The organisations that will succeed in this transition are those that treat agentic security as a compliance accelerant, not a compliance replacement. Implement the controls, deploy the agents to monitor and enforce them, audit the agents as privileged entities, and test everything before trusting automation in production.
And if you're still running Essential Eight at ML1, focus on the fundamentals first. No amount of autonomous threat hunting will compensate for missing application control policies or untested backups.
The 22-second problem is real. But the solution isn't just faster agents—it's faster agents operating within a mature security framework that treats speed and governance as complementary requirements, not competing priorities.
Have you implemented Essential Eight in your organisation? How are you thinking about autonomous security agents in a compliance-heavy environment? Let's discuss in the comments.
Top comments (1)
The framing of security operations agents as privileged accounts that must be governed under Mitigation Strategy 5 is the insight that changes how you'd actually deploy any of this. It's easy to get caught up in the speed numbers—22 seconds, sub-second response, machine-speed patching—and forget that an agent with write access to your detection rules or remediation pipelines is effectively a domain admin that operates at silicon speed. You wouldn't give a human junior analyst unrestricted access to modify Security Command Center policies. But an agent that can create custom detection rules has exactly that. The governance question isn't "can we trust the agent?" It's "would we give these permissions to a human with the same scope, and if not, why not?"

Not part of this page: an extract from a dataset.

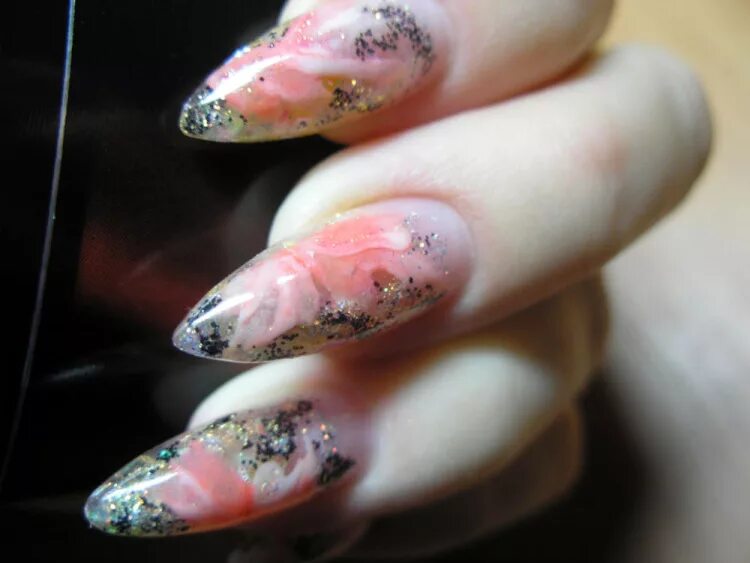 маникюр аквариум. аквариумные ногти 2023. аквариумный дизайн ногтей. аквадизайн ногтей. выкладной френч голубой.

What I find myself thinking about is the evidence trail problem. Essential Eight compliance isn't just about having controls—it's about proving they exist during an assessment. An autonomous agent that patches a critical vulnerability in 30 seconds is impressive, but the assessor doesn't care about speed. They care about whether the patch was tested, whether the change management process was followed, and whether there's an auditable record of who (or what) authorized the change. The agent can do the work, but can it produce the paperwork? Most autonomous systems I've seen generate logs that are technically complete but practically useless for compliance—machine-readable but not assessor-readable. The gap between "we have the data" and "we can present the data in a form that satisfies an ASD assessor" is where a lot of automation projects quietly fail.
The point about ML1 organizations gaining nothing from agentic detection if the underlying controls don't exist is the kind of honesty that gets lost in vendor announcements. Detection without prevention is just a faster way to watch yourself get compromised. The 22-second attacker handoff window is terrifying, but if there's no application control policy to begin with, the attacker doesn't need 22 seconds—they need about two. The agents are a force multiplier, and a force multiplier applied to zero is still zero. Do you see many Australian enterprises actually at ML3 across all eight strategies, or is the reality on the ground more fragmented—some controls at ML3, others barely at ML1?